Kate Chisholm

Scrawled outpourings of love and defiance

Examples of 18th-century graffiti range from romantic rhymes scratched on windowpanes to the haunting marks of political prisoners incised on dungeon walls

A man draws a gallows on a wall in a hand-coloured version of Hogarth’s ‘First Stage of Cruelty’, published 1812. [Bridgeman Images] 
issue 13 April 2024

To come across dates and names carved into a choirstall or ancient tree is to experience a momentary frisson, a startled connection with the past. Yet this practice of making ‘unauthorised’ personal graphic statements in public spaces is often thought of as antisocial, something to be erased immediately. Unless of course they are by Banksy, whose spray-painted outpourings cost local councils a great deal to clean off before they came to be regarded as valid documents, articulating the thoughts and imaginings of the disaffected.

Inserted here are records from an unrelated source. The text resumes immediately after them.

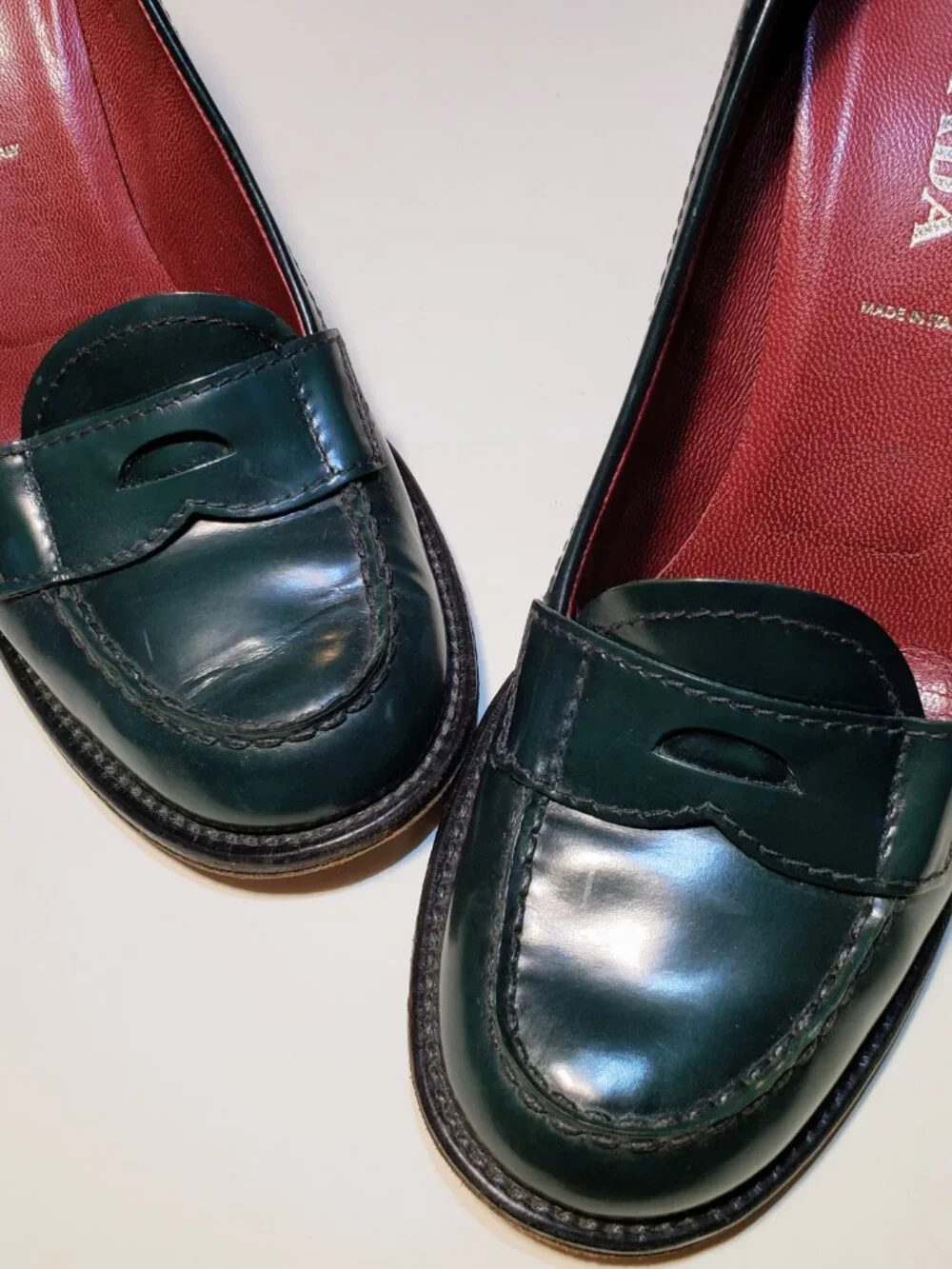 Prada Green Leather Penny Loafer Luxury Heels EU 38 39 US 8.5 Made in Italy - Picture 10 of 11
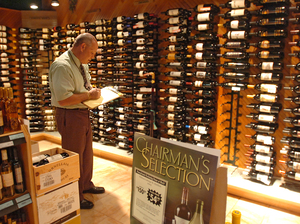 At the State Store in Media, manager David Root compileda "bin list" as he restocked the inventory of premium wines.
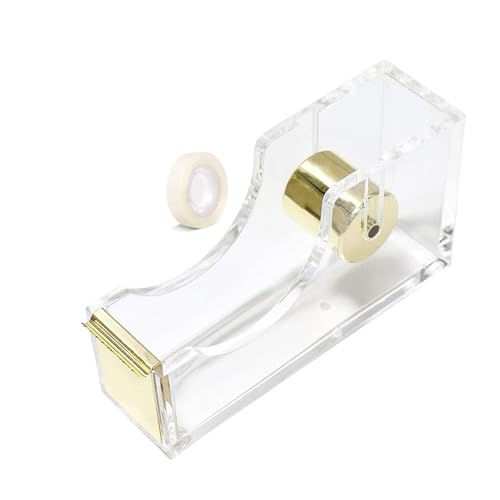 Hibucuo Klebebandspender, Transparent Acrylic Klebebändabroller, Clear Klebeband-Spender, Tape Schneider, Tape Cutter Desktop Schreibwaren, Rutschfest, Einfache Handhabung von Hibucuo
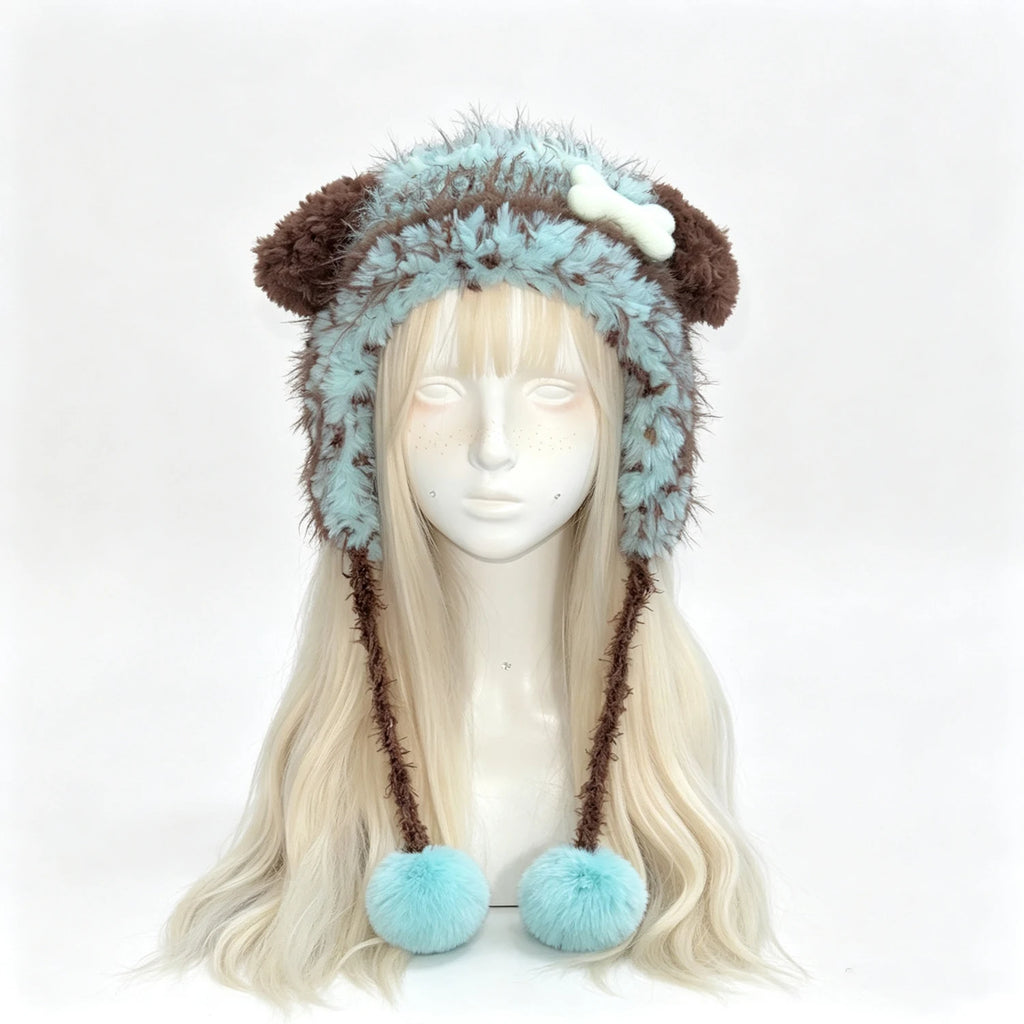 Custom Handmade Crochet Mint Chocolate Puppy Ear Hat Man Cozy Bone Pom Charm Knitted Beanie Women Kawaii Cosplay Winter Earflap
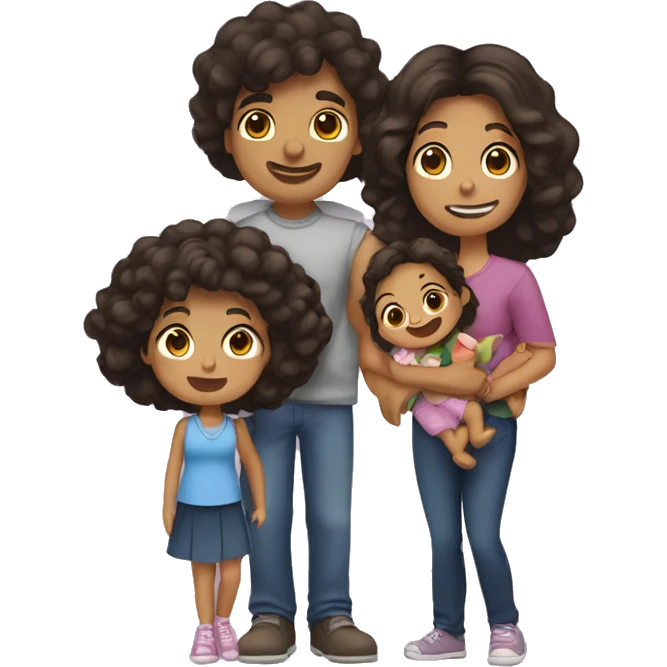 A family of 5, all have dark brown hair. A mom a d a  emoji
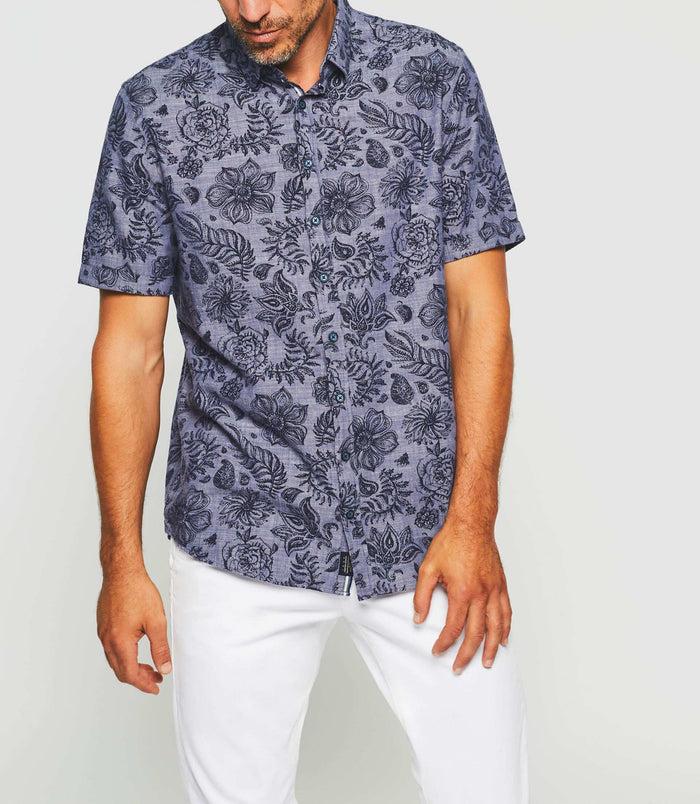 Izac Chemise Manches Courtes Bleu Indigo "Kong"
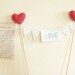 Wedding Cake Topper Love Bunting With Crochet Hearts by Cherrytime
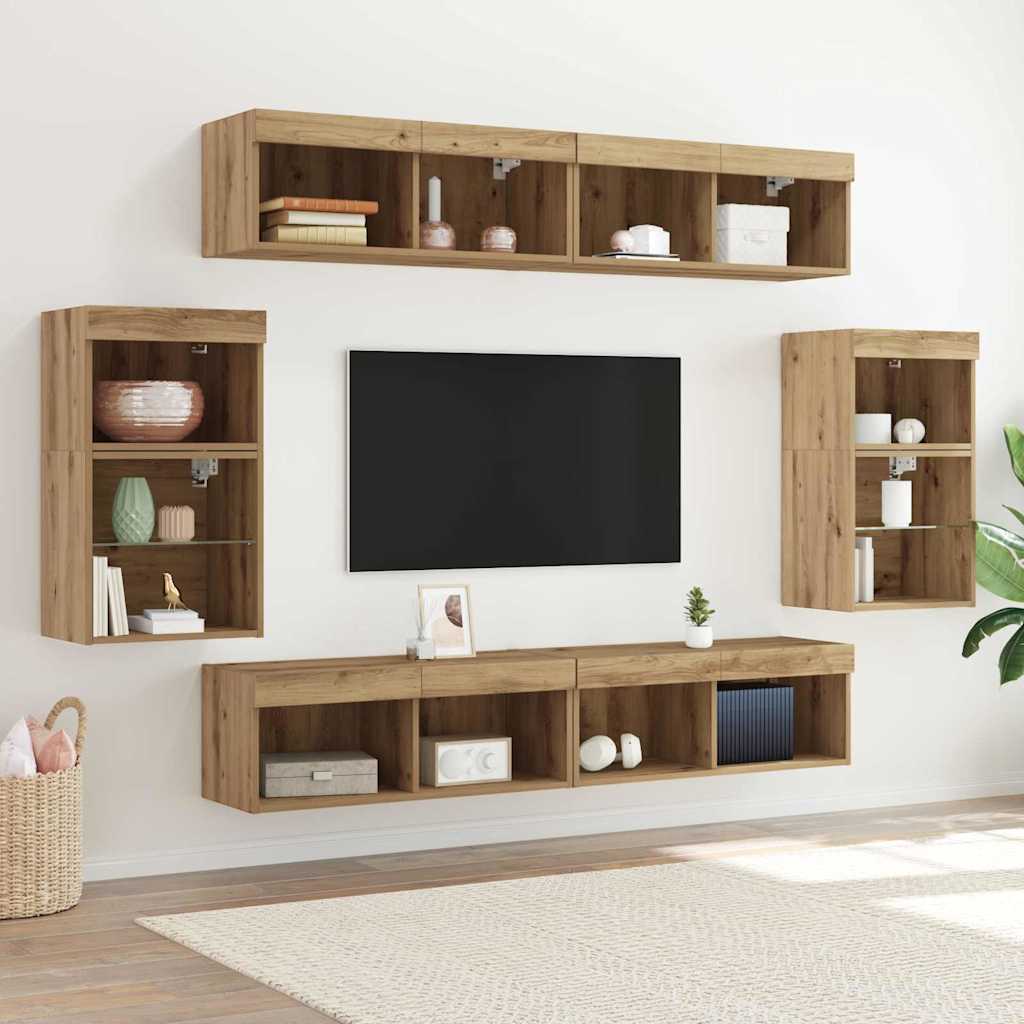 TV-Schrankset Wandmontiert 8 pcs Artisan-Eiche Holzwerkstoff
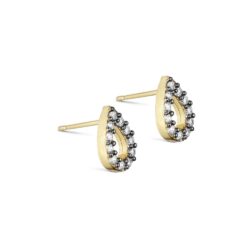 Pure by Nat øreringe med zirkoner Maya Post earrings w zircons - 45856 - Guld Sort zircons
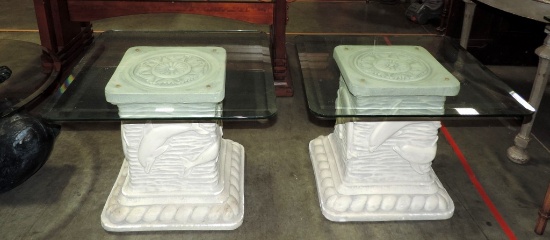 Pair Of Dolphin Designed White Pedestal Base Beveled Edge Glass End Tables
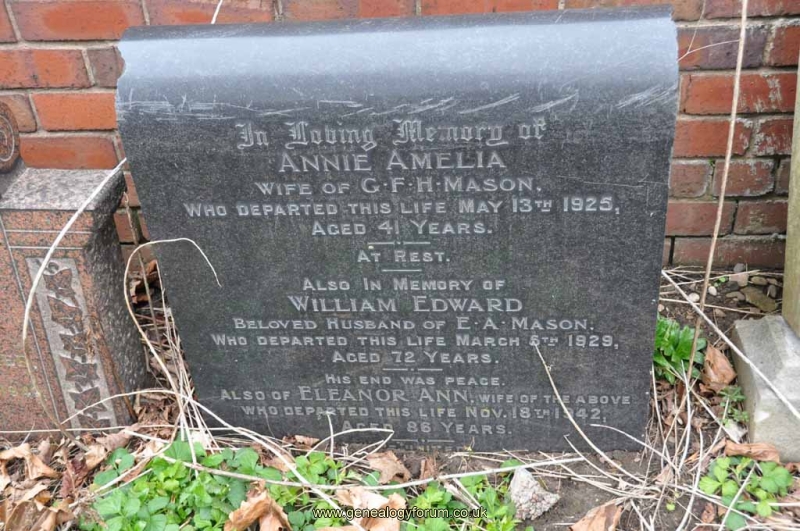 Mason - William Edward, Eleanor Ann & Annie Amelia (wife of G F H)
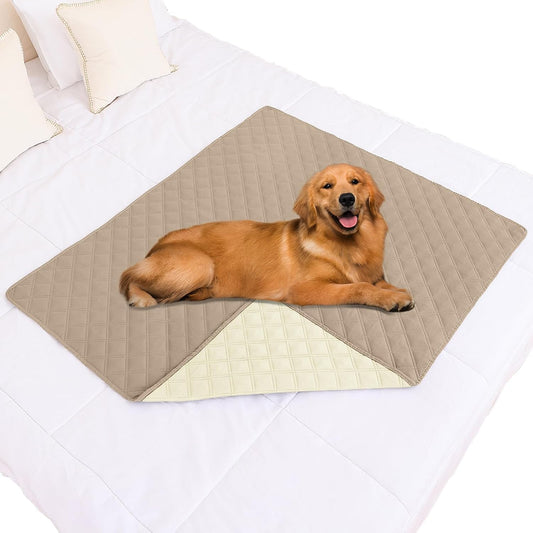 Smiry Waterproof Dog Bed Cover Pet Blanket, Soft Washable Dog Blanket for Furniture Bed Couch Sofa Reversible, Checkered (40"x50", Taupe/Beige)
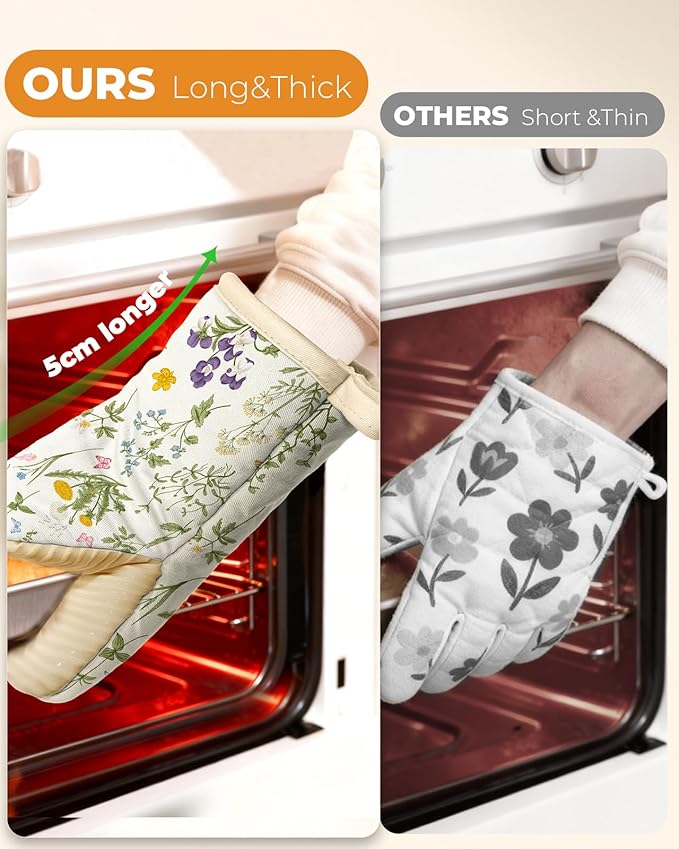 Slohif Mini Oven Mitts Set – Extended Short Heat Resistant Kitchen Gloves for Women, 100% Cotton Oven Mitts with Silicone Grips, Non-Slip and Thick Durable for Cooking & Baking，White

In her ingenious new book Writing on the Wall, the art historian Madeleine Pelling has chosen to use these often transitory pieces of historical evidence as a way of illustrating the huge cultural changes that took place in the 18th century. In this ‘library of irresistible and ephemeral objects’, she argues, we can find perhaps a more accurate understanding of that extraordinary century of change. The ‘so-called Enlightenment’ was forged by ‘the inky fingers of seditious printers, loquacious orators and… provocative graffitists’.